Given the head of a singly linked list, reverse the nodes of the list k at a time, and return the modified list. Nodes that are left with less than k elements at the end should remain in their original order.

  • Each group of k nodes must be reversed as a unit.
  • If the number of nodes is not a multiple of k, leave the last group as is.
  • You may not alter the values inside the nodes, only the pointers/connections between nodes.
  • There is only one valid output for each input.
  • Do not reuse or create new nodes; rearrange the existing nodes by manipulating their next pointers.

Thought Process

At first glance, this problem seems similar to reversing a linked list, but with the added complexity of only reversing every consecutive group of k nodes. If the list is not a multiple of k, the last few nodes should remain unchanged.

The brute-force approach would be to collect k nodes, reverse them, then move to the next group. However, we need to do this in-place without extra space for the nodes themselves.
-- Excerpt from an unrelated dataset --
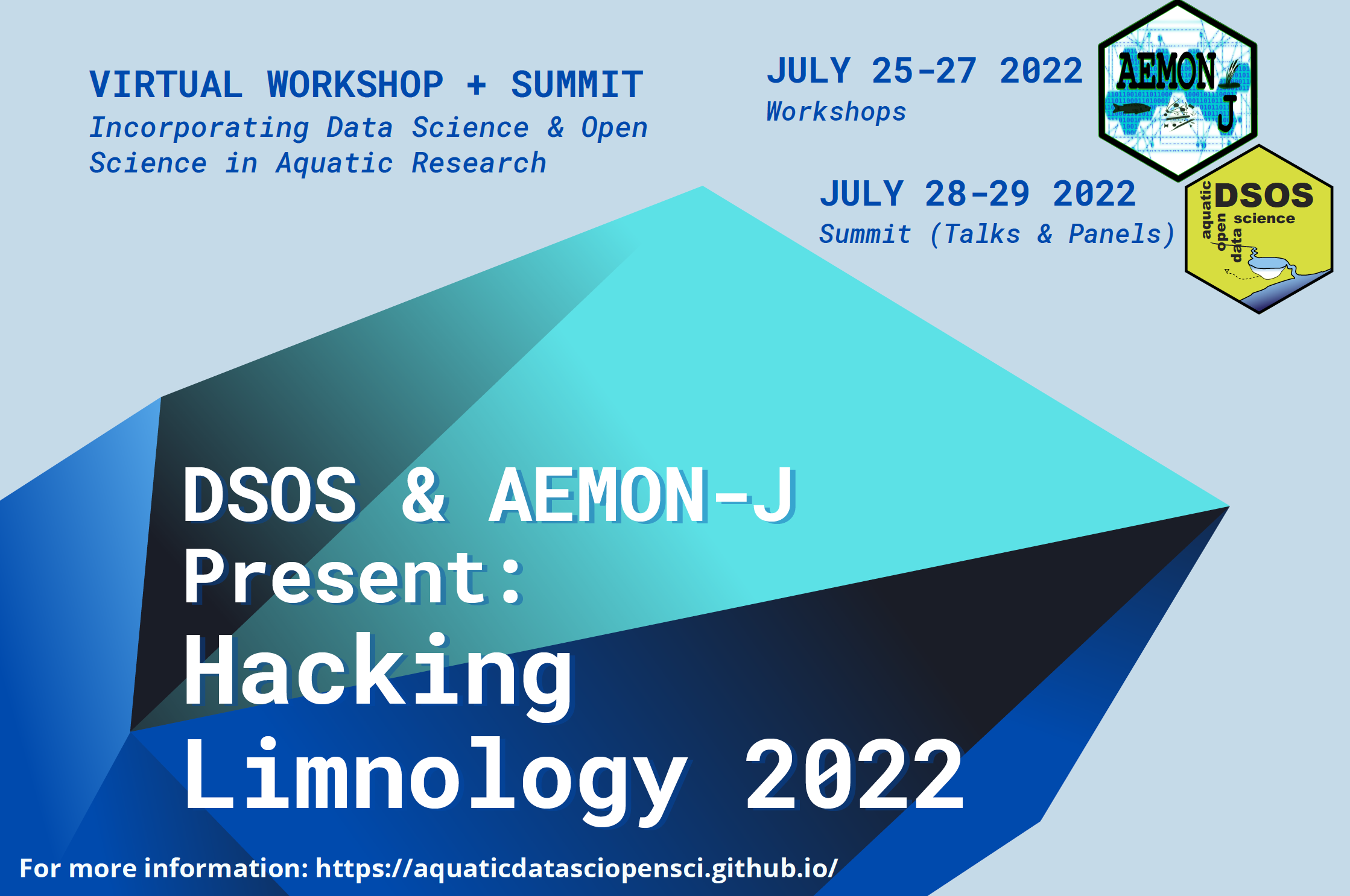 DSOS/AEMON-J virtual summit flyer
This means careful pointer manipulation is required.

To optimize, we can use a dummy head node to simplify edge cases (like reversing at the head), and always check if there are enough nodes left before attempting to reverse. We need to keep track of the previous group's tail, the current node, and the next node during reversal.

Solution Approach

  • Step 1: Use a Dummy Node
    • Create a dummy node that points to the head of the list. This simplifies handling the head reversal case.
  • Step 2: Traverse the List in Groups
    • For each iteration, check if there are at least k nodes left. If not, stop processing.
  • Step 3: Reverse k Nodes
    • Within each group, reverse the pointers for k nodes. This is done by iteratively moving each node after the head of the group to the front of the group.
    • Carefully update the next pointers to avoid losing references to the remainder of the list.
  • Step 4: Move to the Next Group
    • After reversing, move the prev pointer to the end of the reversed group (which is now the start of the next group).
  • Step 5: Return the Modified List
    • Return the next pointer of the dummy node, which now points to the new head.

This approach allows us to reverse nodes in-place, group by group, while maintaining the correct connections between nodes.

Example Walkthrough

Input: head = [1,2,3,4,5], k = 3

  1. First Group (1,2,3): There are at least 3 nodes, so reverse:
    • After reversal: 3 -> 2 -> 1
  2. Second Group (4,5): Only 2 nodes left, which is less than k, so leave them unchanged.
  3. Final List: 3 -> 2 -> 1 -> 4 -> 5

At each reversal, the code carefully updates the next pointers so that the groups are reversed in-place, and the rest of the list remains connected properly.

Time and Space Complexity

  • Brute-force Approach:
    • If you used extra arrays or lists to store nodes, the time would still be O(n), but the space would be O(n).
  • Optimized In-Place Approach:
    • Time Complexity: O(n), where n is the number of nodes in the list. Each node is visited a constant number of times (once for grouping, once for reversal).
    • Space Complexity: O(1), since we only use a few pointers, regardless of the input size.

Summary

This problem is a classic example of in-place linked list manipulation. By using a dummy node and carefully managing pointers, we can reverse every group of k nodes efficiently. The key insight is to always check for enough nodes before reversing and to update connections as we go, resulting in a clean and optimal O(n) time, O(1) space solution.